Insulation on the interior of the walls prevents the walls benefiting from room temperature and those wall sections above exterior back fill grade line are getting cold enough to condense moisture while the portion of the walls below grade are earth insulated from the exterior cold and remaining above DP temp. 

So in conclusion we can see the most sensible solution is to insulate the exterior and prevent the walls interior surface ever coming down in temperature to dew point or below.

What interior insulation would ever work to prevent condensation I do not know.

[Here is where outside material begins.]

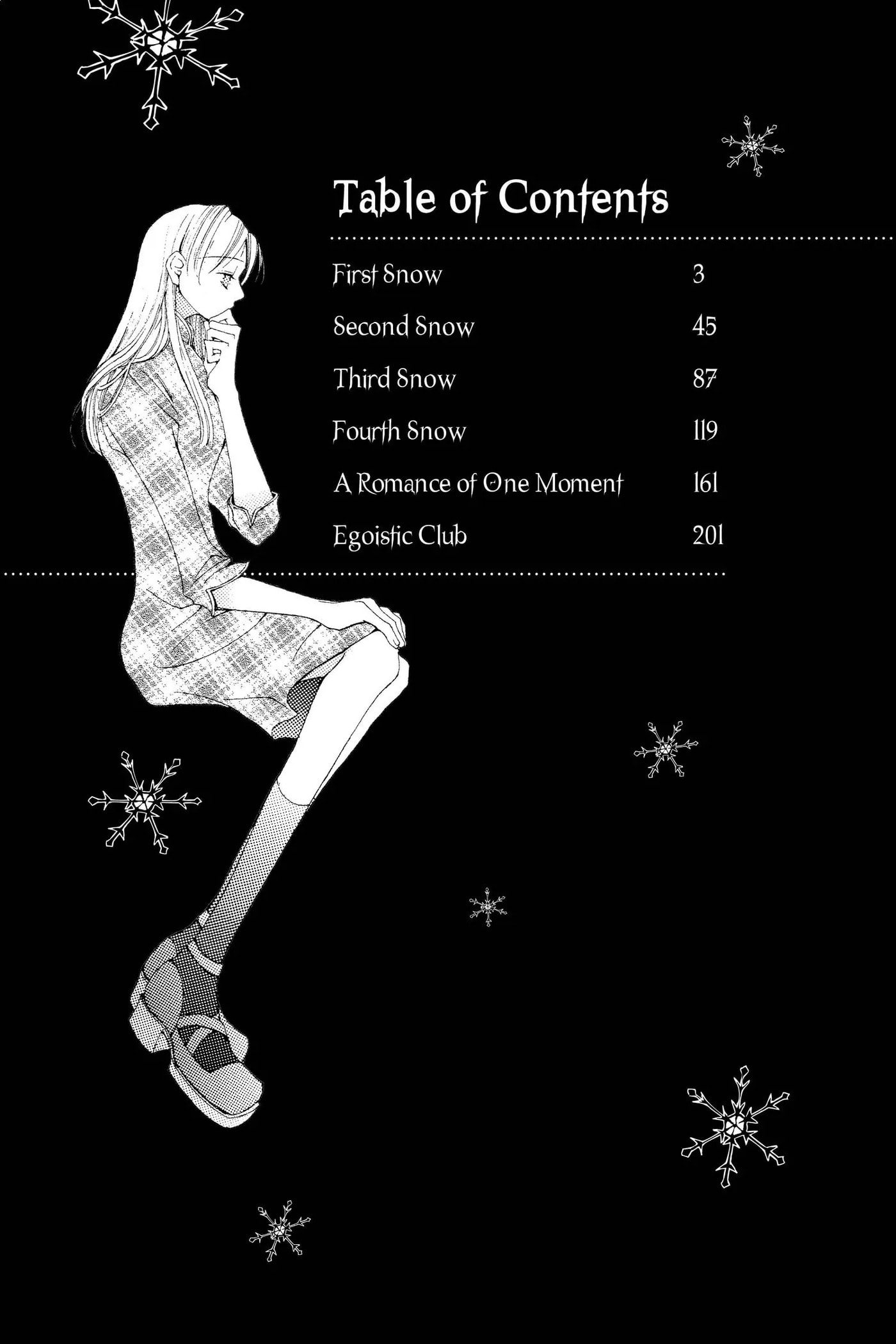A Thousand Years of Snow Chapter 1 page 4 -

But I do know the interior wall surface temperature must stay above dew point temp. and any interior insulation must prevent the air within the living space from reaching the interior wall surface if the dew point of that air is above wall surface temperature.

This handy calculator will give some indication of the numbers required.
In the example ( adjust if copy numbers don't transfer ) we can see that if the room air temperature is 70°F, and the relative humidity is 45 percent the wall surface temperature must stay above 47° to prevent condensation. Keep the calculator handy and run some numbers this winter when the weather is conducive to condensation problems.

http://dpcalc.org/


----------



## Mbcflower (Sep 8, 2014)

Our exterior basement walls have vinyl siding on them at this point. How would I insulate the exterior walls?


----------



## SeniorSitizen (Sep 10, 2012)

Mbcflower said:


> Our exterior basement walls have vinyl siding on them at this point. How would I insulate the exterior walls?


We both realize exterior insulation would have been much simpler during the planning and construction stage but you might consider contacting superior and see what they say.


----------



## Windows on Wash (Aug 30, 2011)

Corners are usually big thermal bridges and that is what it appears like here.


----------



## Mbcflower (Sep 8, 2014)

I think you're right. This has been the common consensus when I've had people out to look at the area. Superior Wall corners have a bead of caulk that runs in the corner seams. At these two seams is wear frost has appeared. The rigid board runs along side it. I'm having closed cell foam sprayed in these corners as well as the rim joints in hopes to seal up any air penetration.


----------



## mikegp (Jul 17, 2011)

Has the sealant they used failed? I've read many stories that their walls have issues at the seams after a certain amount of time. I've even heard that right around the time the warranty ends that you sometimes need to re-caulk every seam. Sounds like a huge undertaking if true.


----------



## SeniorSitizen (Sep 10, 2012)

Mbcflower;1400322I'm having closed cell foam sprayed in these corners as well as the rim joints in hopes to seal up any air penetration.[/QUOTE said:


> What is the dew point temperature of the air you you will be sealing in with the closed cell foam ? If it is above the ( I don't know what the coldest the wall surface will ever be ) all you've done is hide the problem.


----------



## Mbcflower (Sep 8, 2014)

I'm not sure about that. I will say I put a dehumidifier in the basement and it has solved the issue of the corners sweating when the temperatures gets colder. Thankfully, they have been dry as a bone. I've not had them insulated yet. I first wanted to make sure the dampness would go away with removing the humid air before insulating. Now that I know it will, I can insulate.


----------



## Mbcflower (Sep 8, 2014)

We will most likely always have to use a dehumidifier. Before the insulation is installed, the dehumidifier will run to keep the humid air under control as not seal in moist air.


----------



## SeniorSitizen (Sep 10, 2012)

We can see by the link calculation if the room temperature is 65F with a relative humidity of 44 percent the wall surface will condense at 42°F.

Here's hoping it works for you.


----------